I hope I don’t come across as too cynical about it :) It’s pretty amazing, and the things these things can do in, what, a few gigabytes of weights and a beefy GPU are many, many times better than I would’ve expected if you had outlined the approach for me 2 years ago. But there’s also a long history of GAI being just around the corner, and we do keep turning corners and making useful progress, but it’s always still a ways off after each leap. I remember some people thinking that chess was the pinnacle of human intelligence, requiring creativity and logic to succeed, and when computers blew past humans at chess, it became clear that no, that’s still impressive but you can get good at chess without really getting good at anything else.

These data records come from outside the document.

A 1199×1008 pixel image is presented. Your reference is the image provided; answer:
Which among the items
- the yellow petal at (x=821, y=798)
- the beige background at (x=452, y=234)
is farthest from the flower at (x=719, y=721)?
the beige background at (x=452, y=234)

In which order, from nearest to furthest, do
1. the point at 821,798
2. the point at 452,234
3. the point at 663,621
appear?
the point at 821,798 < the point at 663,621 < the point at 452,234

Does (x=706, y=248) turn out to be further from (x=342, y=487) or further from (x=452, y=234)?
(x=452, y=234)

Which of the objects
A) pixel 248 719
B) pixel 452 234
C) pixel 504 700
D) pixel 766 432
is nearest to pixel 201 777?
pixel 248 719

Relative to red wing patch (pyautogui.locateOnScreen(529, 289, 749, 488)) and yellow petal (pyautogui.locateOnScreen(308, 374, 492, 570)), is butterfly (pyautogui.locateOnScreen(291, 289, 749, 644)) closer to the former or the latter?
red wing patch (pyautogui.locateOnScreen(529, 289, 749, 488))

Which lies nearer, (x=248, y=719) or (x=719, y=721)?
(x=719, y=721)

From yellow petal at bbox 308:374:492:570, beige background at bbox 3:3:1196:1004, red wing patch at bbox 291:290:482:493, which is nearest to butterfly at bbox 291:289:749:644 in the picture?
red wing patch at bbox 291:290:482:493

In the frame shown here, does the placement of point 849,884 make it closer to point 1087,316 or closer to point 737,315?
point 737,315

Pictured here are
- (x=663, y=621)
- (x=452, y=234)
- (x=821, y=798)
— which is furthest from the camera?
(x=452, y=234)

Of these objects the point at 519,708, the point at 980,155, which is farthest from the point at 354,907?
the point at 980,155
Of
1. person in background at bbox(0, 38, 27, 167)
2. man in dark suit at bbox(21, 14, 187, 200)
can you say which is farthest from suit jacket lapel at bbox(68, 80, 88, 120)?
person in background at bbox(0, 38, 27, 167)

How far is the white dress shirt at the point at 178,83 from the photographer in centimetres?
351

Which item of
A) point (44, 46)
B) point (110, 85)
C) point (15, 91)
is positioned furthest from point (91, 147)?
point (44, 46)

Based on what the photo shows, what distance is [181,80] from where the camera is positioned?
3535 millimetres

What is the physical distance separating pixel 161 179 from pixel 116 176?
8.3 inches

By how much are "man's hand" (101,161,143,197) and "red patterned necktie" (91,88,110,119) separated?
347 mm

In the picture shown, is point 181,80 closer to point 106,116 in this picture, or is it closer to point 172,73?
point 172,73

It might be possible for an ML model to assemble itself into general intelligence based solely on being fed words like we’re doing, it does seem like the data going in contains enough to do that, but getting that last 10% is going to be hard, each percentage point much harder than the last, and it’s going to require more rigorous training to stop them from skating by with responses that merely come close when things get technical or precise. I’d expect that we need more breakthroughs in tools or techniques to close that gap.
It’s also important to remember that as humans, we’re inclined to read consciousness and intent into everything, which is why pretty much every pantheon of gods includes one for thunder and lightning. Chatbots sound human enough that they cross the threshold for peoples’ brains to start gliding over inaccuracies or strange thinking or phrasing, and we also unconsciously help our conversation partner by clarifying or rephrasing things if the other side doesn’t seem to be understanding. I suppose this is less true now that they’re giving longer responses and remaining coherent, but especially early on, the human was doing more work than they realized keeping the conversation on the rails, and once you started seeing that it removed a bit of the magic. Chatbots are holding their own better now but I think they still get more benefit of the doubt than we realize we’re giving them.
The Turing test was never meant to be a test of a machine’s ability to think. It was meant to boil that question down into a question that can actually be answered, but the original question remains unanswered.
In my opinion, when general AI arrives it will not be an “open debate”, the consequences will be dramatic, far-reaching and rapid.
I’m not even thinking of the Turing test, I’m thinking of the counter-example ones. Like asking how many eyes a ruler or desk has. Earlier GPTs would answer “one eye” or something, and it was used by the Chinese-room people as an example of why it was just a mimic. Now it correctly objects to the implicit assumption in the question.
You’re right, “ChatGPT is currently our overlord” would be the strongest proof of intelligence. But absence of proof is not proof of absence. What is proof of absence, or a strong enough proof of presence is where the debate is.